For her series “Cubes for Albers and LeWitt,” recently on view at the adventurous photo gallery Higher Pictures, Eaton photographed square wooden blocks of various sizes painted black, white and two shades of gray against similarly mono-chrome backgrounds. From these spare beginnings, she has conjured brightly hued geometric abstractions by exposing each sheet of film several times, switching blocks and filters for each exposure.
In the resulting prints, images of individual cubes, photographed straight on or from an angle, are superimposed one on another in compositions that mingle intentionality and chance, flatness and depth. Some are direct plays on Josef Albers’s compositions of nested squares; in others the cubes interact in complicated ways that tease the eye and the brain as they advance and retreat, separate and merge.
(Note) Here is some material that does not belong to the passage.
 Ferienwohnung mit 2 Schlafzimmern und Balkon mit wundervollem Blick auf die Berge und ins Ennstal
The photographs have none of the perfection of a digital product. Edges are blurred or don’t quite line up; the visible brushstrokes on the blocks’ painted surfaces and the small dings on their edges conspire to give them a solidity and shabby materiality at odds with their transparency.
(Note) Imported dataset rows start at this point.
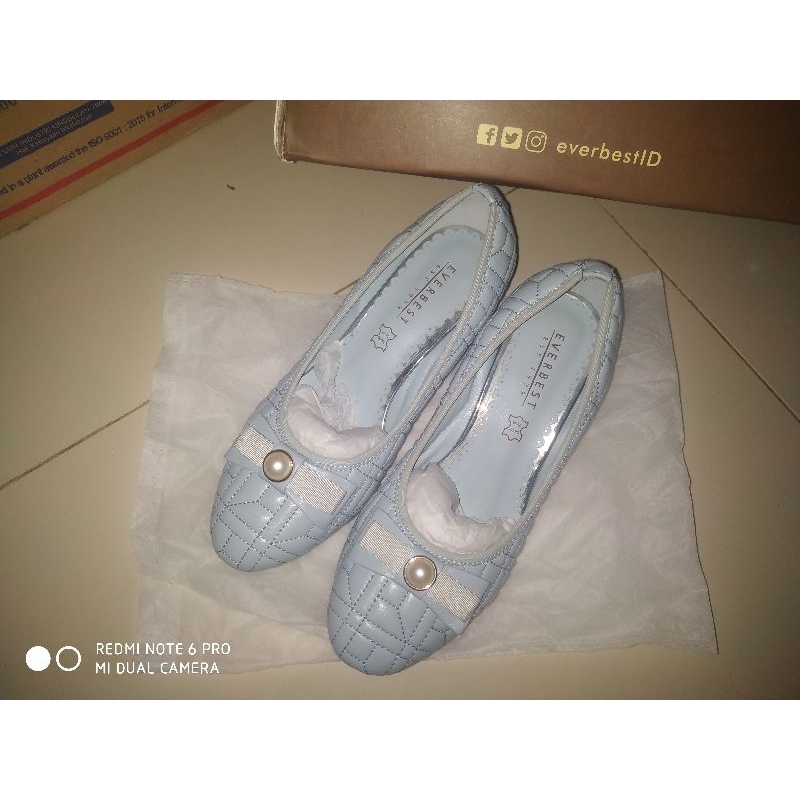 preloved wedges blue everbest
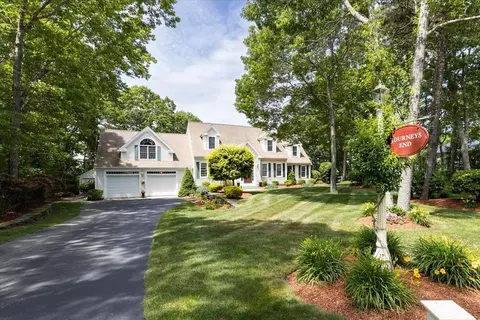 37 Cedar Oaks Dr, Plymouth, MA 02360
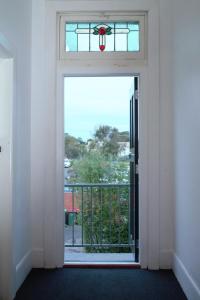Un balcón o terraza en The Caledonian Hotel Wonthaggi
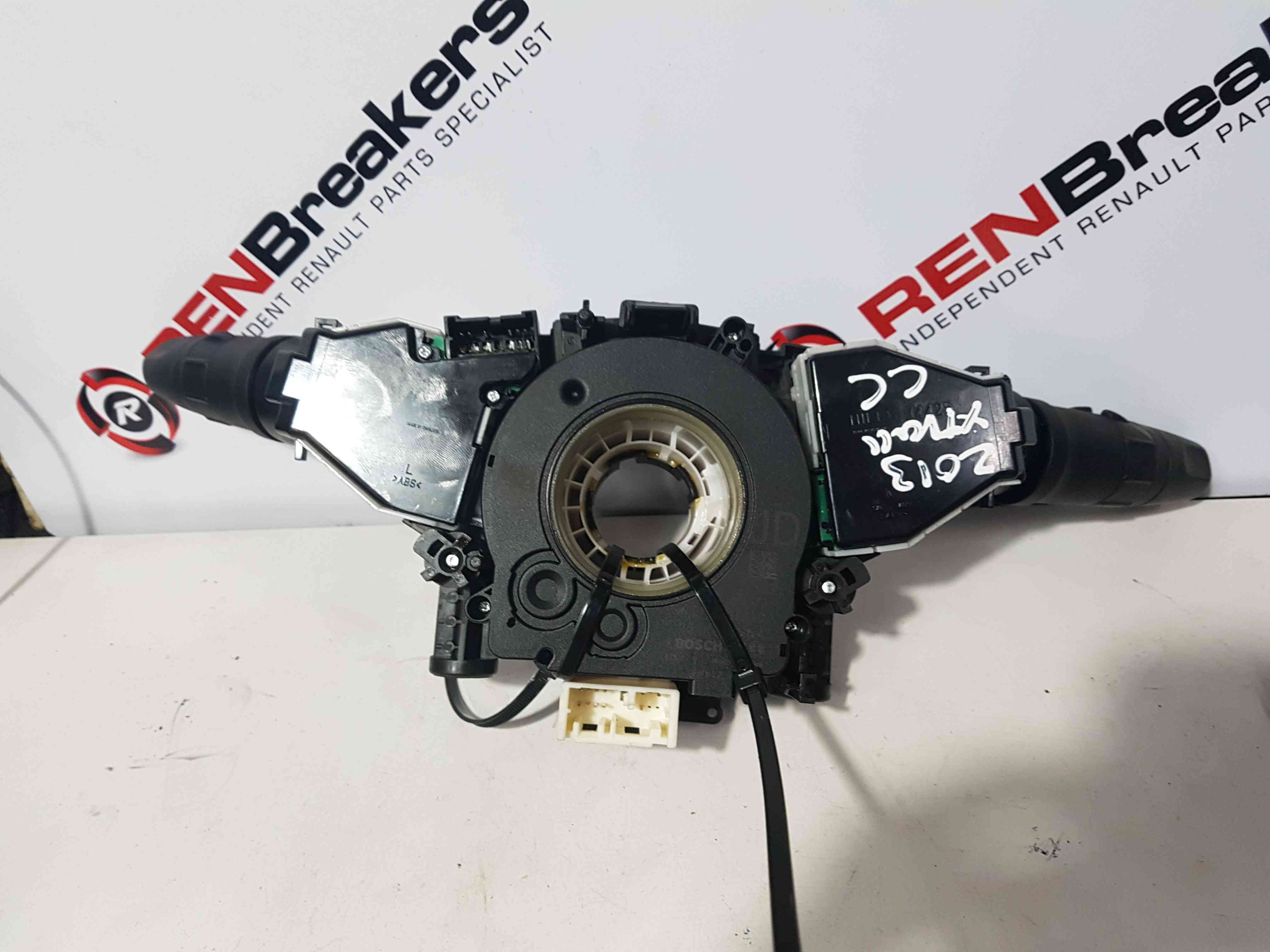 Thumb 6 Nissan X-Trail Tekna 2011-2014 Steering Wheel Stalk Squib  Indicator Washer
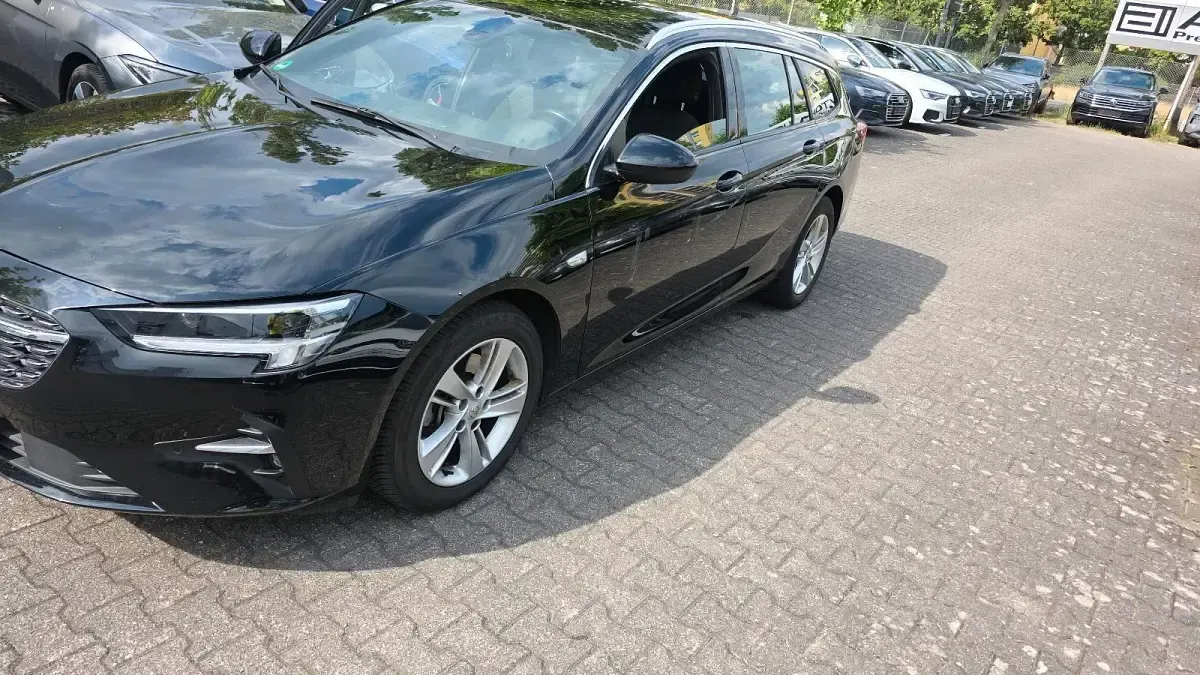 Gebraucht Opel Insignia 174 PS (127 kW) 2026 Schwarz Kombi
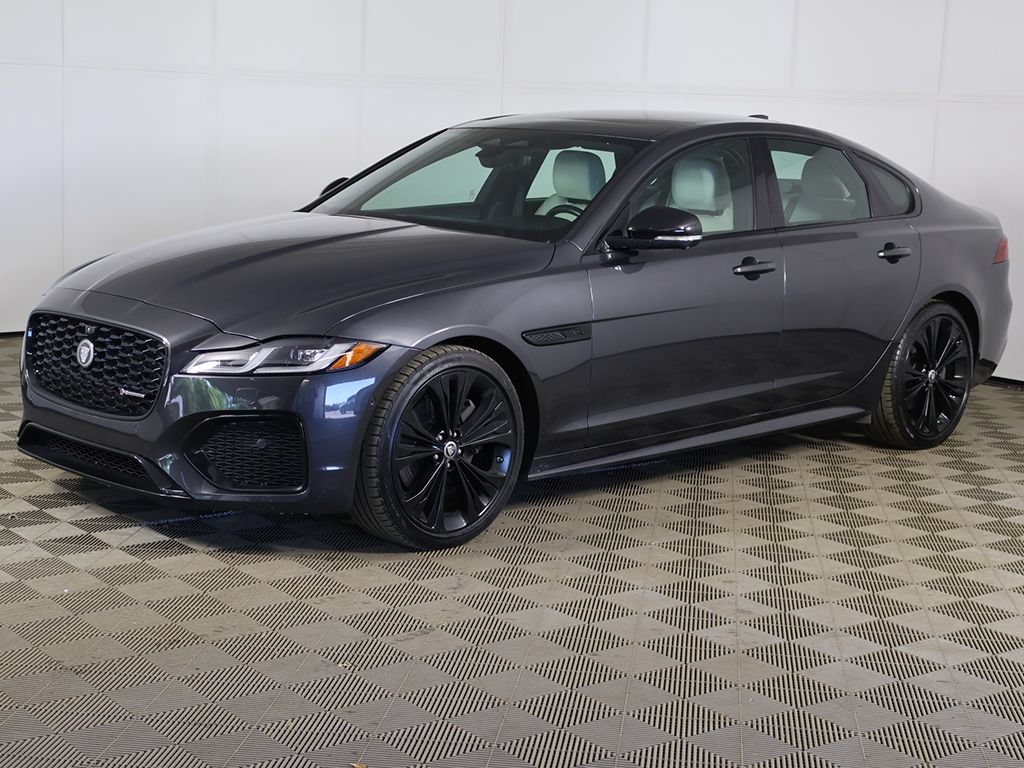 Used 2024 Jaguar XF R-Dynamic SE AWD/4WD image 10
Eaton’s working process is most evident in cfaal 65 (2010), a sequence of progressively larger cubes, each one floating within the next. More complicated iscfaal 115 (2011), in which large and small blocks pinwheel and twist in space. It calls to mind Constructivist sculpture, while the serene black, green and blue cfaal 101 (2011), involving two or three cubes and their entwined reflections, evokes James Turrell.
In some places Eaton has moved the camera to create a blur of color. In others, movement is only implied, as in cfaal 74 (2010), a glorious composition in siena, yellow, blue, gray and white in which three cubes photographed from different angles seem to orbit a central axis.
As did the rather dry methodologies of Albers and LeWitt, Eaton’s systematic approach yields surprisingly poetic results. Like Albers’s color variations on a single abstract schema or LeWitt’s wall drawings, executed by assistants according to written instructions, her cubes bloom and glow, their real-life austerity alchemically transformed into unexpected opulence.